_WHAT IS REQUIRED_. Return every entry below exactly as written, minus the pictures.

Crawled caption data:
.....

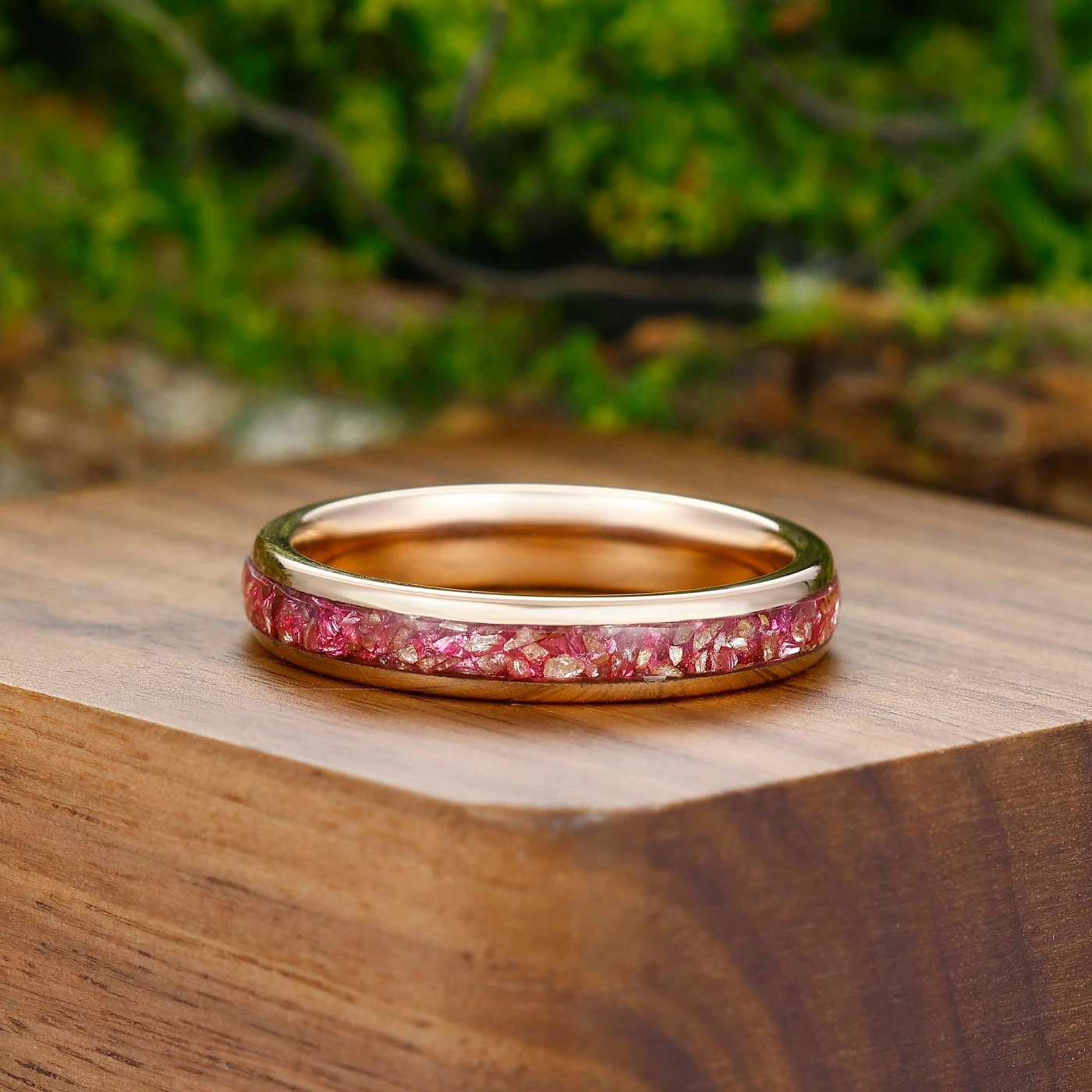 Pink Morganite Rose Gold Tungsten Couples Ring Set Polished Dome Matching Promise Rings - view 7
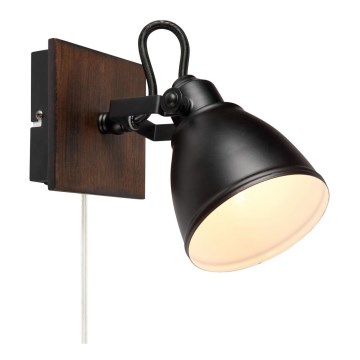 Markslöjd 108211 - Väggspotlight NATIVE 1xE14/18W/230V svart/brun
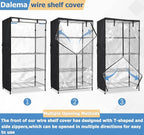 Waterproof Shelf Cover,Outdoor 600D Heavy Duty Dustproof Storage Shelves Cover,48''x24''x72'' Shelf Covers for Wire Shelving with Zippers,Storage Rack Covers with Clear Front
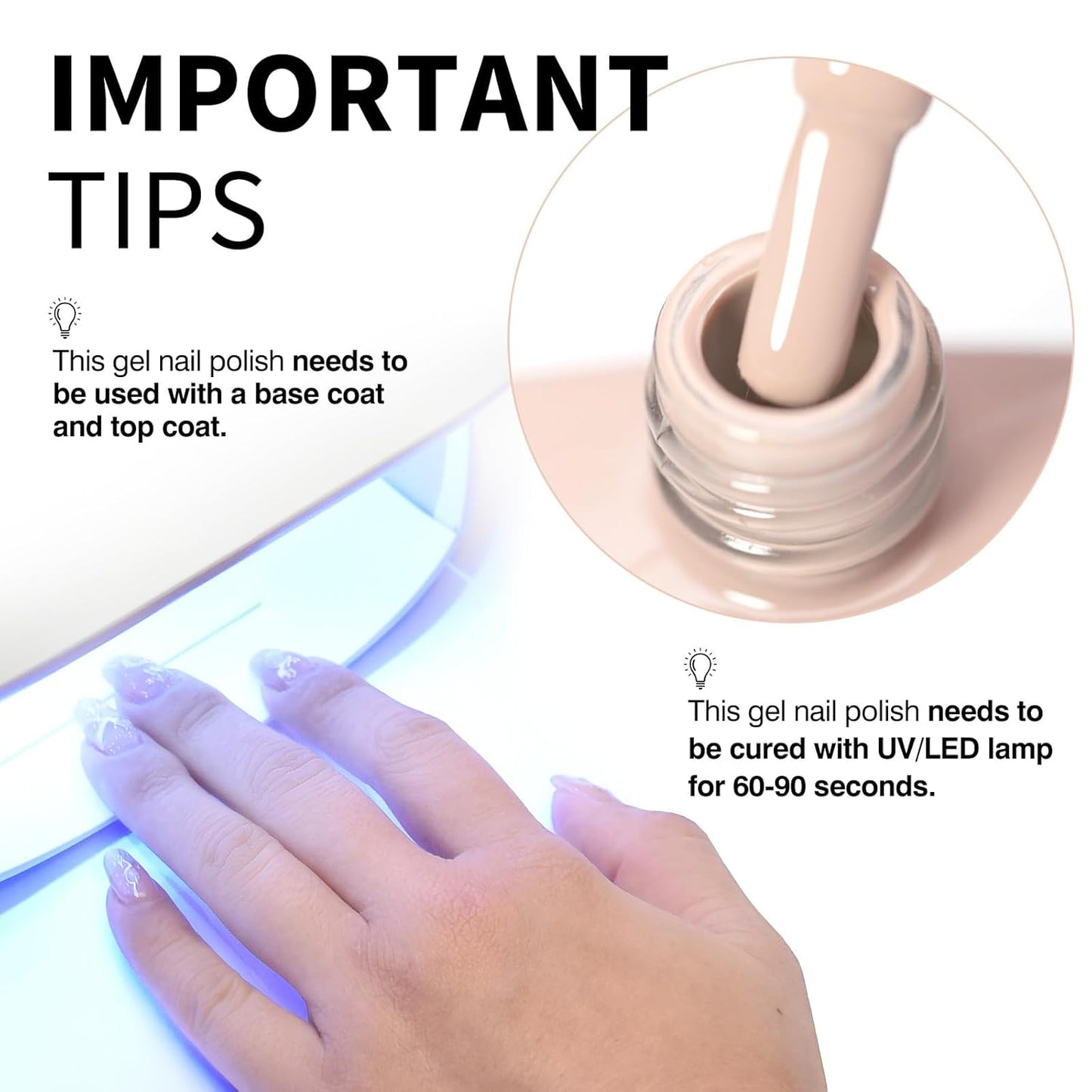 CANNI Nude Pink Gel Nail Polish – 0.3oz Sheer Skin Tone Color, Glossy Soak-Off UV/LED Nail Gel for Natural French Manicure, DIY & Salon Use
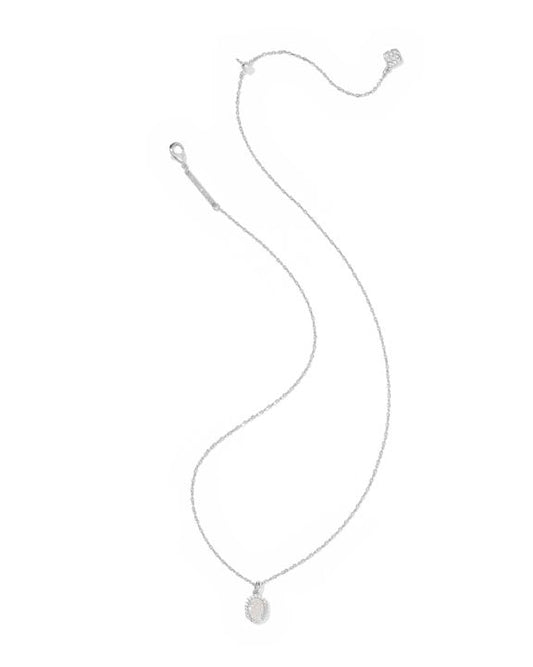 Daphne Silver Crystal Frame Short Pendant Necklace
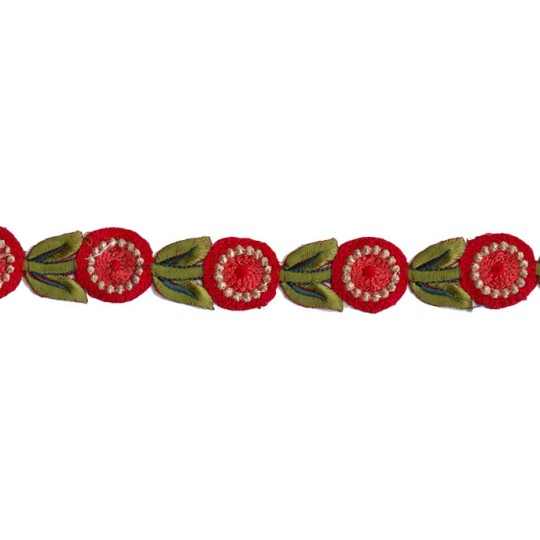Red and Green Round Flower Embroidered Cutwork Trim ~ India ~ 1-1/8" wide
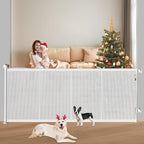 Pawtners Retractable Baby Gates Extra Wide, 41" Tall Extends up to 71" Wide, Dog Gate Indoor with for Stairs, Pet Gate with Support Rods for Doorways Hallways Indoor & Outdoor-White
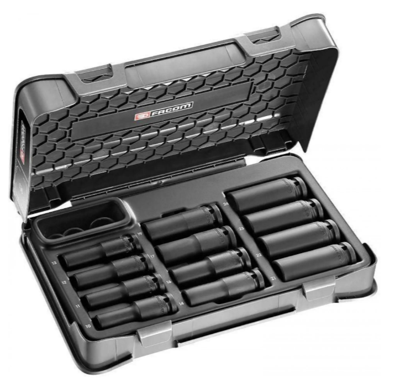 Facom set met impact-doppen 1/2" lang van 10 tot 24 mm - NS.405B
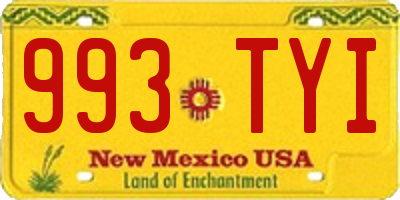 NM license plate 993TYI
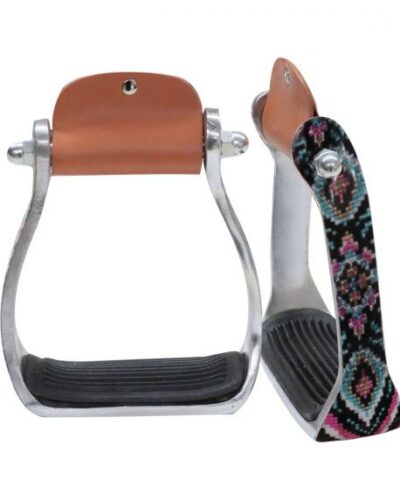 Youth Shimmering Beaded Navajo Print Stirrup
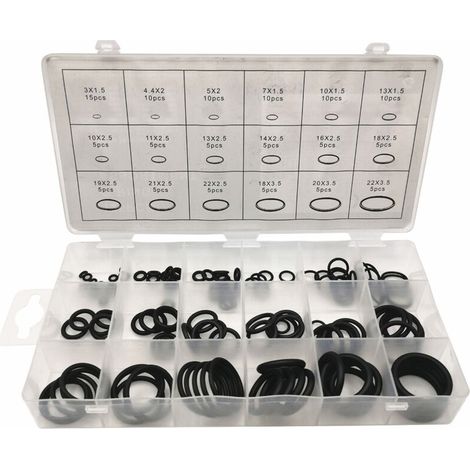 125-teiliger Satz O-Ringe, Durchmesser 3 bis 22 mm, für Sanitärinstallationen, Abdichtung und Isolierung von Rohren.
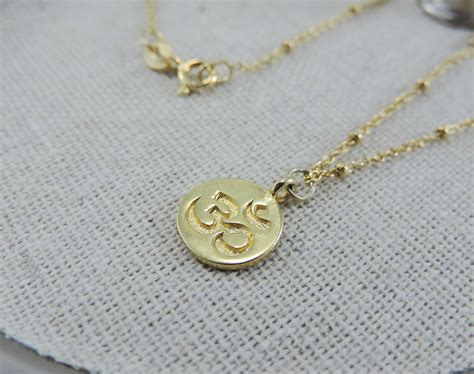 Gold Om Symbol Necklace Large Engraved Om Symbol on Gold | Etsy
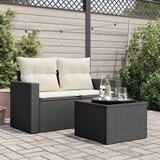  Vrtni stol sa staklenom pločom crni 55x55x37 cm poli ratan | Eponuda.com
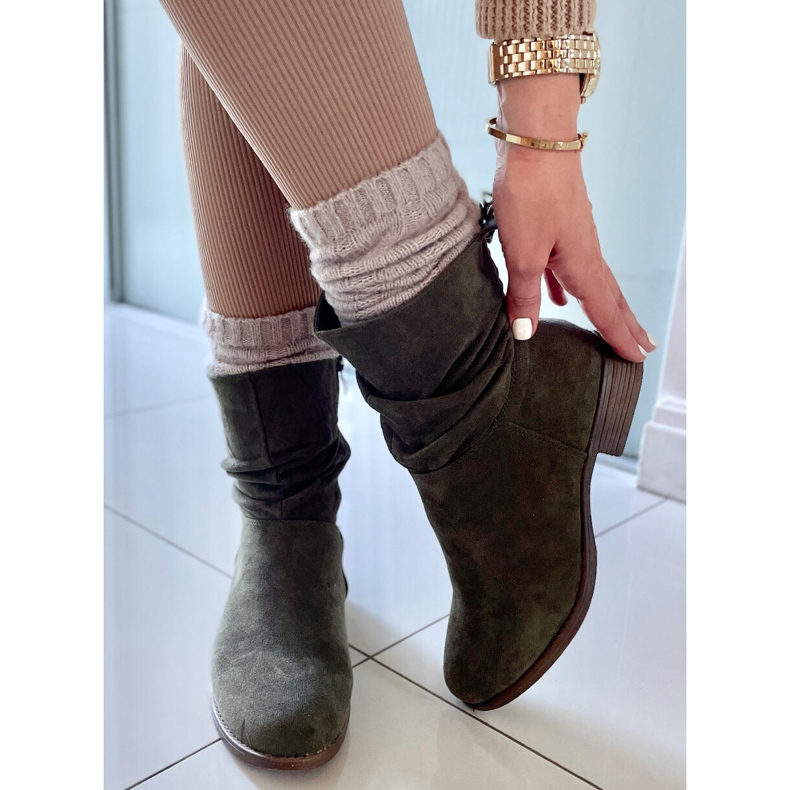 PA1 Botas planas de ante verde Theda 2 PA1 Botas planas de ante verde Theda 2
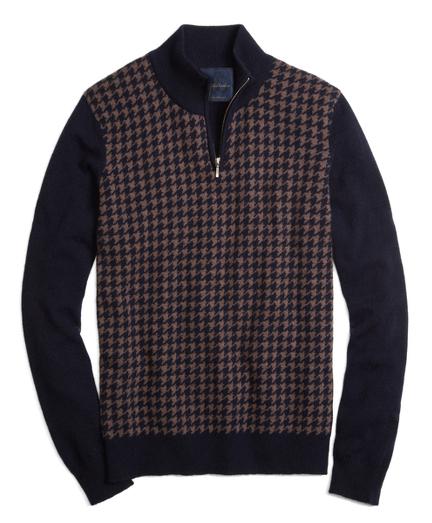 Brooks Brothers Cashmere Large Houndstooth Half-zip Mockneck Sweater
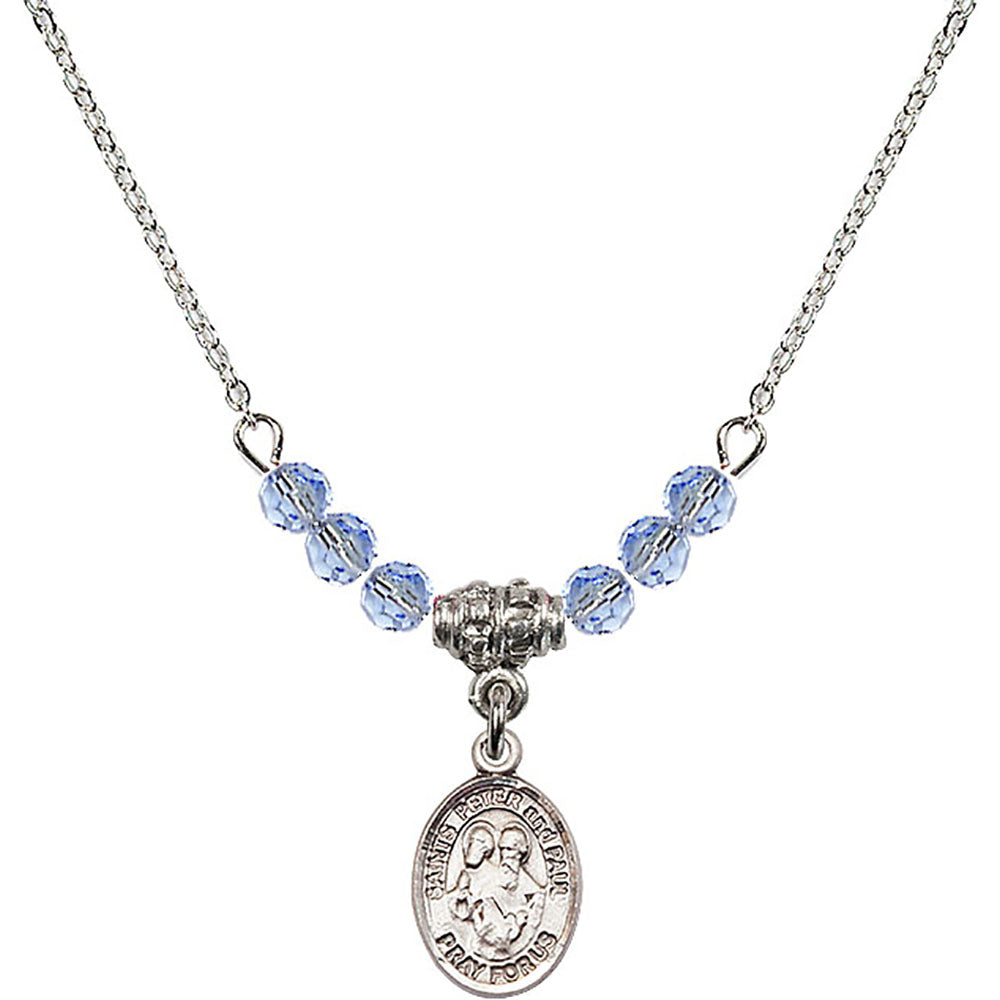 Sterling Silver Saints Peter & Paul Birthstone Necklace with Light Sapphire Beads - 9410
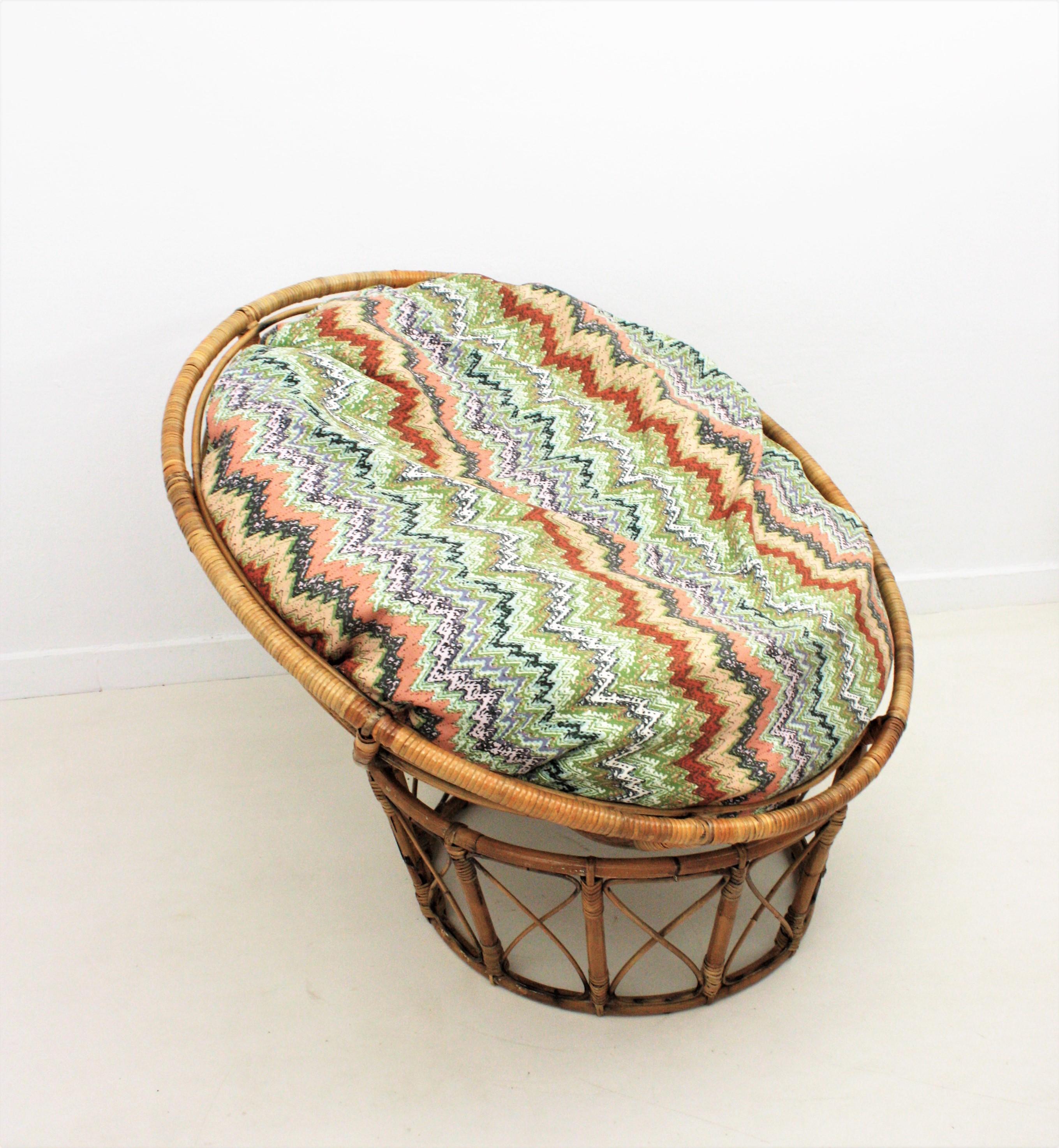 20th Century Bamboo and Rattan Papasan Lounge Chair with Missoni Style Cushion For Sale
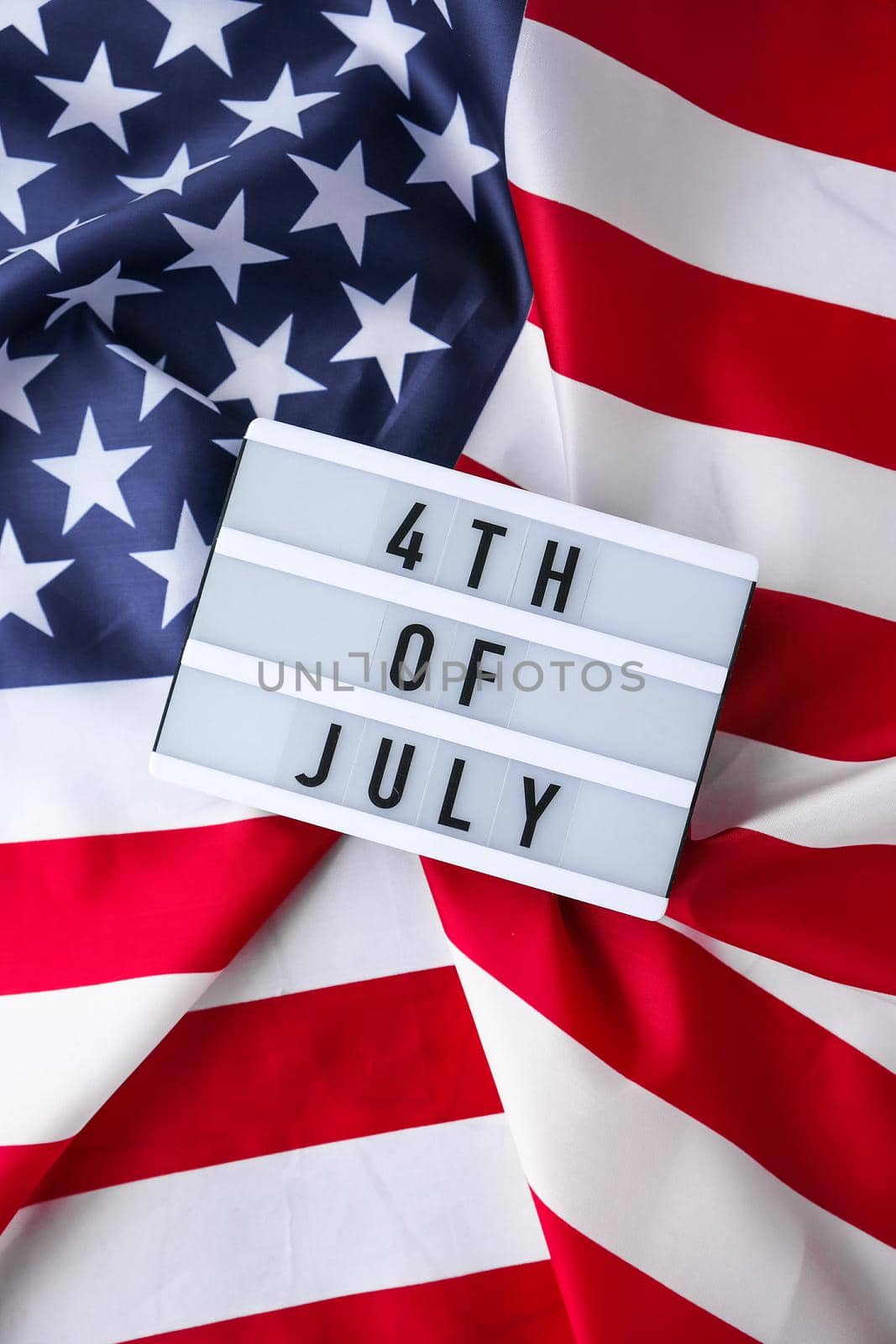 American flag. Lightbox with text 4TH OF JULY Flag of the united states of America. July 4th Independence Day. USA patriotism national holiday. Usa proud. Freedom concept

.....

_EXERCISE ANSWER_.
 Pink Morganite Rose Gold Tungsten Couples Ring Set Polished Dome Matching Promise Rings - view 7
 Markslöjd 108211 - Väggspotlight NATIVE 1xE14/18W/230V svart/brun
 Waterproof Shelf Cover,Outdoor 600D Heavy Duty Dustproof Storage Shelves Cover,48''x24''x72'' Shelf Covers for Wire Shelving with Zippers,Storage Rack Covers with Clear Front
 CANNI Nude Pink Gel Nail Polish – 0.3oz Sheer Skin Tone Color, Glossy Soak-Off UV/LED Nail Gel for Natural French Manicure, DIY & Salon Use
 Daphne Silver Crystal Frame Short Pendant Necklace
Red and Green Round Flower Embroidered Cutwork Trim ~ India ~ 1-1/8" wide
 Pawtners Retractable Baby Gates Extra Wide, 41" Tall Extends up to 71" Wide, Dog Gate Indoor with for Stairs, Pet Gate with Support Rods for Doorways Hallways Indoor & Outdoor-White
 Facom set met impact-doppen 1/2" lang van 10 tot 24 mm - NS.405B
 NM license plate 993TYI
 Youth Shimmering Beaded Navajo Print Stirrup
 125-teiliger Satz O-Ringe, Durchmesser 3 bis 22 mm, für Sanitärinstallationen, Abdichtung und Isolierung von Rohren.
 Gold Om Symbol Necklace Large Engraved Om Symbol on Gold | Etsy
  Vrtni stol sa staklenom pločom crni 55x55x37 cm poli ratan | Eponuda.com
 PA1 Botas planas de ante verde Theda 2 PA1 Botas planas de ante verde Theda 2
 Brooks Brothers Cashmere Large Houndstooth Half-zip Mockneck Sweater
 Sterling Silver Saints Peter & Paul Birthstone Necklace with Light Sapphire Beads - 9410
 20th Century Bamboo and Rattan Papasan Lounge Chair with Missoni Style Cushion For Sale
 American flag. Lightbox with text 4TH OF JULY Flag of the united states of America. July 4th Independence Day. USA patriotism national holiday. Usa proud. Freedom concept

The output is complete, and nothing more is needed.